What exactly prevents you from creating your own packages if you want to use your system package manager?

On Alpine and Arch Linux? Exactly nothing.

On Debian/Ubuntu? maybe the convoluted packaging process, but that's on you for choosing those distributions.



On Nvidia/Jetson systems, Ubuntu is dictated by the vendor.


UV is not (yet) a build system and does not get involved with compiling code. But easily lets you plug in any build system you want. So it will let you keep using whatever system you are currently using for building your C libraries. For example I use scikit-build-core for building all of my libraries C and C++ components with cmake and it works fine with uv.


    uv build
    Building source distribution...
    running egg_info
    writing venv.egg-info/PKG-INFO
    Successfully built dist/venv-0.1.0.tar.gz
    Successfully built dist/venv-0.1.0-py3-none-any.whl


I guess it depends on what you mean by a build system.
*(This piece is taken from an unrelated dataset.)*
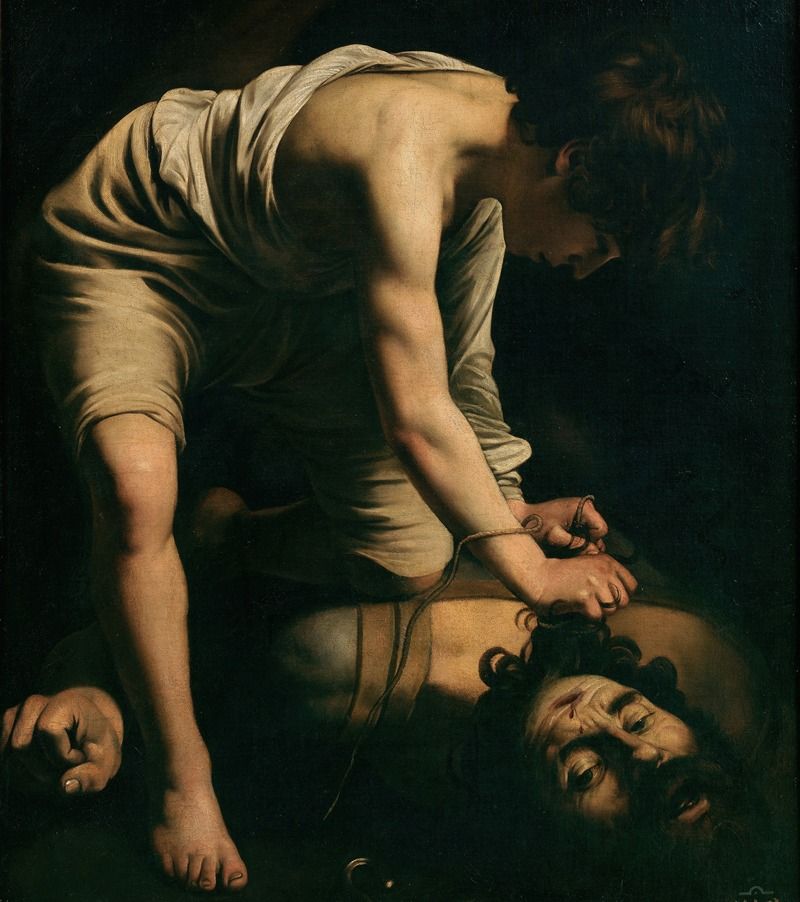 David y Goliat, óleo sobre lienzo de Caravaggio, representando a David derrotando a Goliat.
From my understanding uv build basically just bundles up all the source code it finds, and packages it into a .whl with the correct metadata. It cannot actually do any build steps like running commands to compile or transform code or data in any way. For that you need something like setuptools or scikit-build or similar. All of which integrate seamlessly with uv.


Ok, you convinced me to give it a try. Tbh, I am a casual user of python and I don't want to touch it unless I have a damn good reason to use it.
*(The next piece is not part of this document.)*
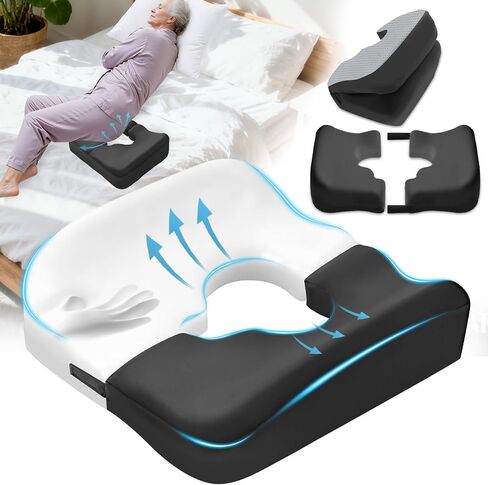 Upgraded Bed Sore Cushions for Butt, Bedsore Pressure Relief Pillow for Sleeping and Sitting,Memory Foam Bed Sore Donut Pillow,Tailbone Pain Relief Cushion for Bed Sores on Buttocks, Black in Saudi Arabia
You do not need a damn good reason for this. Just try it out on a simple hello world. Then try it out on a project already using poetry for eg.

uv init

uv sync

and you're done

I'd say if you do not run into the pitfalls of a large python codebase with hundreds of dependencies, you'll not get the bigger argument people are talking about.
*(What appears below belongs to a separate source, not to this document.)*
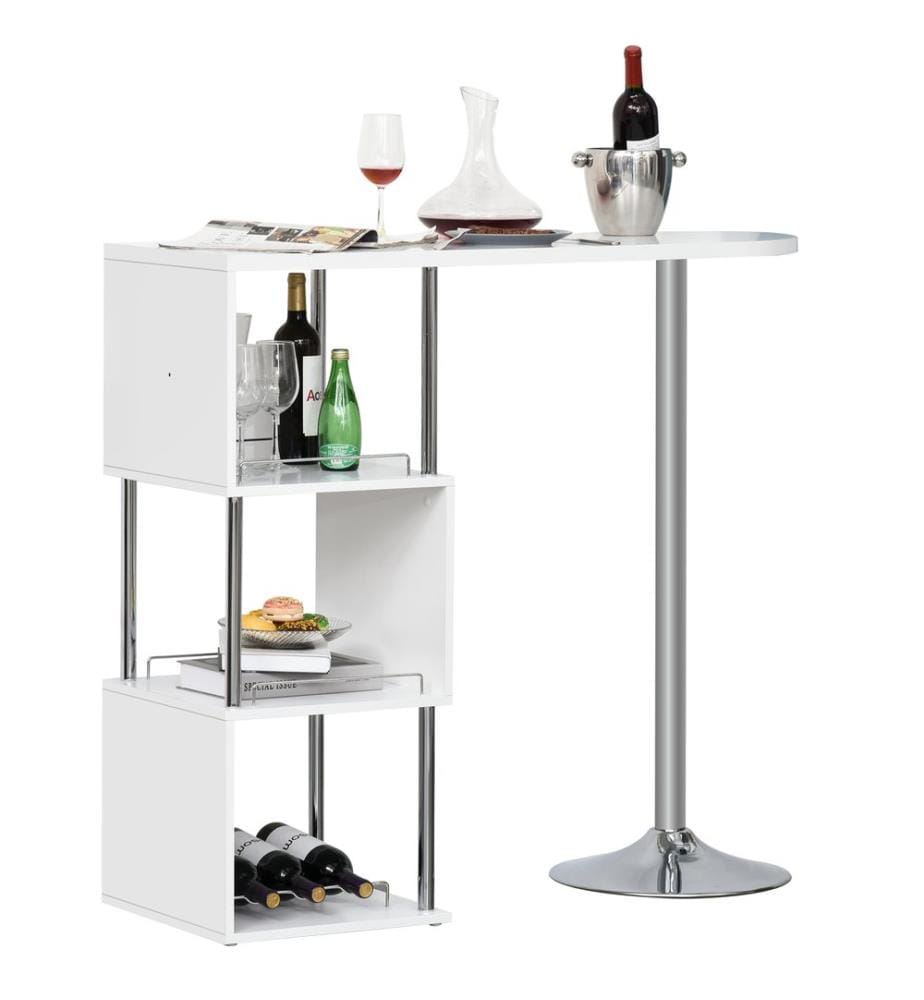Table de bistrot Table de cuisine comptoir 113x40x105 cm avec étagère à vin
I don't think you need to sync, do you? It always just does it when running.

That said, I do wish uv had `uv activate`. I like just working in the virtualenv without having to `uv run` everything.



I do usually include instructions in our READMEs to do a `uv sync` as install command, in order to separate error causes, and also to allow for bootstrapping the venv so that it's available for IDEs.


That makes sense, thanks.


You can still `source .venv/bin/activate(.fish)` and skip the uv run bit. I have Fish shell configured to automatically activate a .venv if it finds one in a directory I switch to.




Unlike uv this tool is unlikely to solve problems for the average Python user and most likely will create new ones.


Agree, however for user who want to get faster speed out of python wouldn't that just work with rustpython? It can also run in the browser then.


I've read so much positive feedback about uv, that I'd really like to use it, but I'm unsure if it fits my needs.

I was heavily invested into virtualenv until I had to upgrade OS versions, which upgraded the Python versions and therefore broke the venvs.

I tried to solve this by using pyenv, but the need of recompiling Python on every patch wasn't something which I would accept, specially in regards to boards like Raspberry Pis.

Then I tried miniconda which I initially only liked because of the precompiled Python binaries, and ultimately ended up using pyenv-managed miniforge so that I could run multiple "instances" of miniforge and therefore upgrade miniforge gradually.

Pyenv also has a plugin which allows to set suffixes to environments, which allows me to have multiple miniforges of the same version in different locations, like miniforge-home and miniforge-media, where -home has all files in the home dir and -media has all files on a mounted nvme, which then is where I put projects with huge dependencies like CUDA inside, not cluttering home, which is contained in a VM image.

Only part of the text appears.